17. yüzyıldaki İspanya’nın din duygusunu daha doğrusu bu duygunun derin sadeliğini herhangi bir ressamdan çok daha başarıyla canlandırmıştır. Saltanat sürdüğü bu mistik dünyada Zurbaran, rakipsizdir. İçe dönük figürlerin yaratıcısıdır. Eşyanın özelliklerini göstermede, bir yünlü kumaşın pürüzlerini, bir gülün kadife yumuşaklığını, bir elmasın parıltısını canlandırmada şaşılacak derecede ustadır. Zurbaran kontrastı kullanırsa da aydınlatmayı aşırılığa götürmez. Renklerdeki armonide incedir; gümüşilerle esmerler ağır basar. Bu renklerin üzerinde beyazlar, kırmızılar, sarılar, açık morlar oynaşır. Bu bakımdan Zurbaran İspanyol resminin en usta renkçilerinden biridir.Sponsorlu Bağlantılar
Eserin Adı: Çarmıhta İsa
Yapım tarihi: 1627
Orijinal Ebadı: 290 × 168 cm
Tekniği: Tuval Üzeri Yağlıboya
Bulunduğu Yer: Art Institute / Şikago - Amerika
Gerçekçiliği içinde, sadelikten ayrılmayan bir anlayışla şiirin ve mistisizmin doruğuna yükselebilmiştir. Sessizliğin şiirini ve haşin manastır dünyası içinde yaşayanların gizli ateşini, iç yoğunluğunu canlandırmada eşsiz olan Zurbaran, sanki zamanı dışında yaşamaktadır. Yalnız manastırların türlü tarikatta olan keşişleri değil, ermiş kadın ve erkekler de zaman dışı, doğa üstü bir yaşayışı sürdürürler. Bu bakımdan 17. yüzyıldaki İspanya’nın din duygusunu daha doğrusu bu duygunun derin sadeliğini herhangi bir ressamdan çok daha başarıyla canlandıran ressamdır. Saltanat sürdüğü bu mistik dünyada Zurbaran rakipsizdir; içe dönük figürler yaratıcısıdır. O, yalnız içten aydınlanan yüzlerin değil, eşyanın da portrecisidir. Eşyanın özelliklerini göstermede, bir yünlü kumaşın pürüzlerini, bir brokarın sertliğini, bir gülün kadife yumuşaklığını ve bir elmasın parıltısının canlandırmada şaşılacak derecede ustadır.

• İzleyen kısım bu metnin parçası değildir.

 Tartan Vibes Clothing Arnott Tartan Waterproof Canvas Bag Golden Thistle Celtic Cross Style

Zurbaran kontrastı kullanırsa da, aydınlatmayı aşırılığa götüremez. Renklerindeki armoni de incedir; gümüşilerle esmerler ağıt basar. Bu renklerin üzerinde beyazlar, kırmızılar, sarılar, açık morlar oynaşır. Bu bakımdan İspanyol resminin en usta renkçilerinden biridir O. Kompozisyonlarını kitlelerle oluşturan Caravaggio’nun aksine, Zurbaran, kompozisyonlarına –özellikle gençliğinde ve olgunluğunda- heykelsi bir görünüş veren, çok sınırlanmış planlara yönelir; plastik araştırmaları gerçekten Sevilla’lı heykelcilerin, özellikle Martinez Montanes’in araştırmaları ile yan yana gelişir.

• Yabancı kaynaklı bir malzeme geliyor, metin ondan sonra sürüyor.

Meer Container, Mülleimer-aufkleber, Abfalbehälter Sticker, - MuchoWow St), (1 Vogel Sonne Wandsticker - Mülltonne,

Rönesans resimlerindeki kompozisyon ve anlatımın aksine Barok resimleri daha gerçekçi bir anlatıma sahiptir. Hareketlilik ve kütleyi belirlemeye yönelik ışık-gölge kullanımı Barok resimlerinde yaygın olarak kullanılmaktadır.
Işık-gölge kullanımındaki abartı Barok resimlerinin karakteristik özelliklerini yansıtmaktadır. Bunun yanında Rönesans resimlerinde daha yumuşak çizgisel ve yüzeysel bir anlayış söz konusudur.
Eserin Adı: Meryem Çocuğuyla
Yapım tarihi: 1658
Orijinal Ebadı: 101 x 78 cm
Tekniği: Tuval Üzeri Yağlıboya
Bulunduğu Yer: Pushkin Museum / Moskova - Rusya
Biyografi Konusu: Francesco de Zurbaran nereli hayatı kimdir.